If you or your attorney notify the judgment creditor in advance that your wages or accounts are exempt and the creditor serves a garnishment thereafter which you subsequently dissolve, you may be able to sue your judgment creditor for the tort of wrongful garnishment.

Strategic Mortgage Default: Separate Facts And Opinion

There is much discussion in local and national media about strategic mortgage defaults. Strategic default occurs when a homeowner decides to walk away from an upside down mortgage when the homeowner has the income to pay the mortgage payments. The homeowner decides that it is not in his best financial interest to continue to pay a mortgage on a home with no equity.

Locally, Orlando Sentinel report Beth Kassab has written several articles recently on the topic. She states that to date most banks have not pursued personal deficiency liability on first mortgage foreclosures, but she then quotes an attorney who claims that lenders will increasingly pursue or assign deficiency claims in the future. I have heard many attorney forecast that deficiency actions will become the norm in future years as either banks have more time as foreclosures decrease or as borrowers recover financially as the economy improves.

The national media has also recently run segments on strategic defaults.
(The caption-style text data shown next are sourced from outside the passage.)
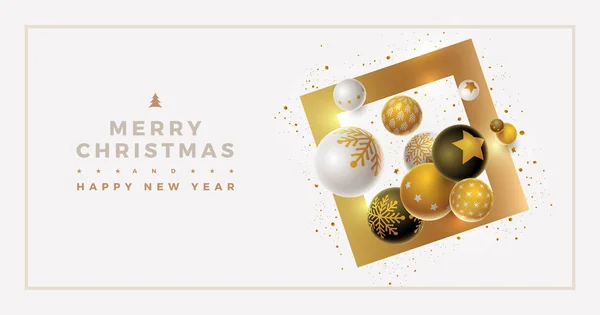 ベクトルのクリスマスと新年のご挨拶バナー デザイン 黒とゴールドのクリスマス ボール きれいで 白い背景 要素は ベクター ファイルに個別に配置されます — ストックベクタ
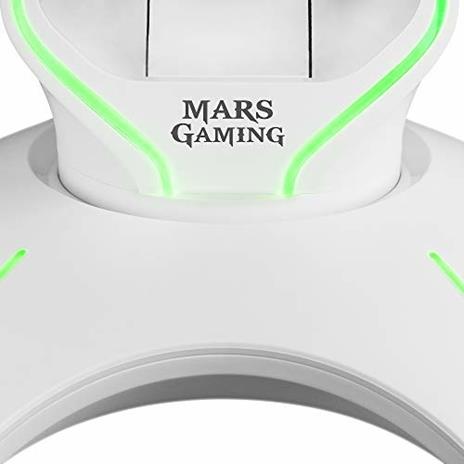MARSGAMING Mars Gaming MHHXW, Supporto per Cuffie da Gioco RGB Flow + 2X USB 2.0, Bianco - 2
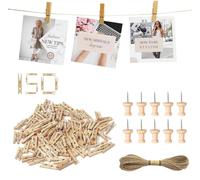 Jogoico 150 Pezzi Mollettine Legno Piccole 2,5 cm, Mini Mollette da Bucato in Legno Decorative per Foto con 10 Pioli e Corda di iuta per Cartoline, Matrimonio, Festa, Scrapbooking DIY, Natale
These are two examples from MSNBC and Fox News, respectively. Most of these reports emphasize the risk of rich people walking away from mortgages and warn against future deficiency judgments.

Maybe some other attorneys or reporters say they know what banks will do next year, but I admit I do not know for sure what actions banks will consider next year, or the year after, to be in their best interest. I cannot predict the future of deficiency claims.